Dharma, my niece, gets the Nobel Prize for Honesty in terms of letting us know what she thought of her Christmas presents. Thinking that I could actually control the mayhem that is present dissemination, I volunteered to hand gifts out one at a time so that everyone could see and appreciate the thoughtfulness that went into a month’s worth of credit card charges.
As the first recipient of Christmas charity, Dharma opened the inaugural gift to a room of hushed family members by loudly proclaiming with disgust: “I didn’t want this!”  As a family that always insists on manners, we didn’t know how to respond to such candor. I looked around at the presents nearby, and I swear to God each one had a gift tag made out to Dharma. Maybe a different gift would evoke a better response, I thought, but alas, this was not meant to be. You can imagine how the cockles of our hearts were thoroughly doused in gasoline after she described her follow-on gift as “They’re just pencils!”  It quickly became comical after she opened the box to her third gift (from me), where the actual item was wrapped up in newspaper; she refused to see anything beyond the newsprint that was laid inside the box and told us “It’s just trash!”
And God bless us, every one, Dharma.
 She really is a cute kid, but just like all Hallinans, it takes time for her to warm up to a situation.
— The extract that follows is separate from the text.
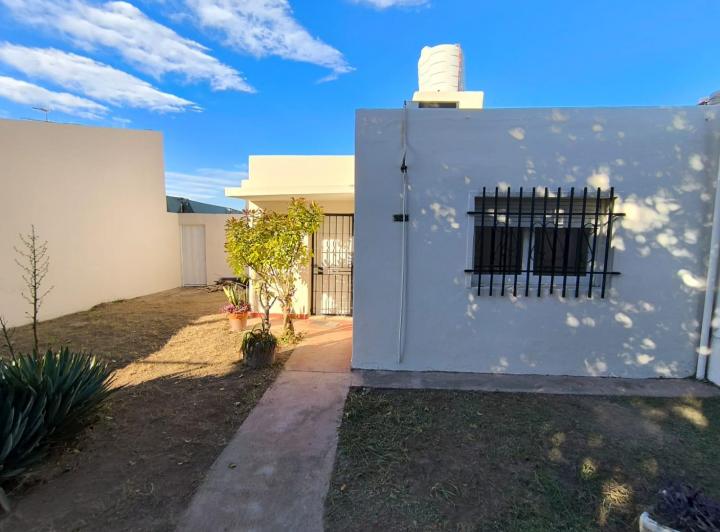 Casa · 83m² · 4 Ambientes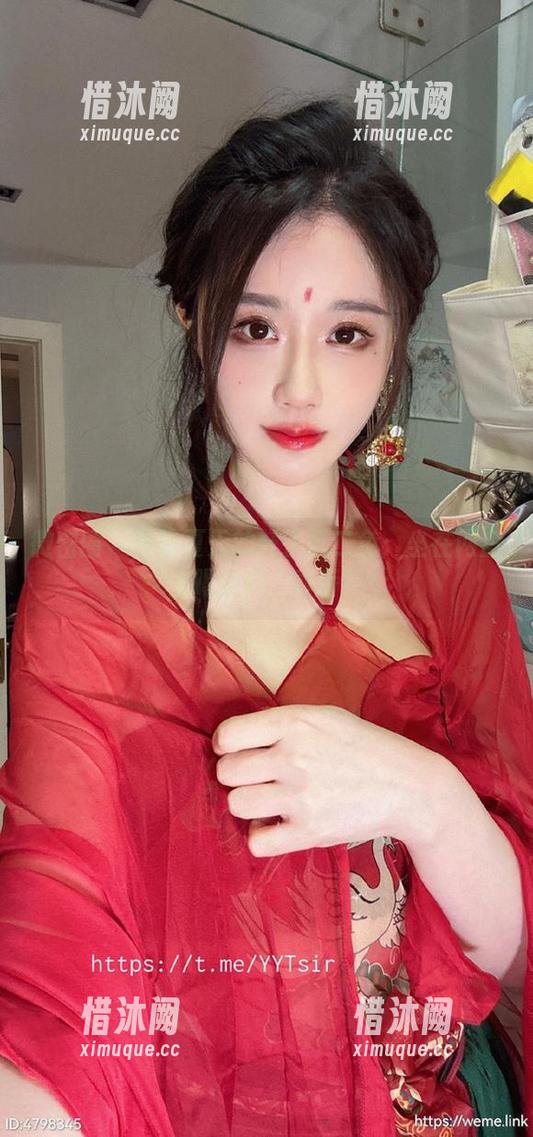 微密圈 - 记录夏天的轩子巨二兔：坐在网盘上喝饮料，真香！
I don’t have kids, so I really can’t say much more on the subject, except that it was kinda funny. Besides, I personally got what I wanted for Christmas -namely, to be home with my family. On top of that I was served an excellent wine treeside that helped grease the gift dissemination skids, and I even got my very own wolf t-shirt. My mom put on a great spread of food and my father actually stayed at the turkey carving station long enough to cut more than a slab of bird for himself before heading to the table. 
The nicest thing about family gatherings and relations getting older? No one can be sent to his or her room for outlandish shenanigans or requests for tax advice; instead we are all stuck to cope with such theatrics in our own special ways.
As a goalie, I guess that you obey your body’s instincts.

Pass the wine, my dear brother-in-law.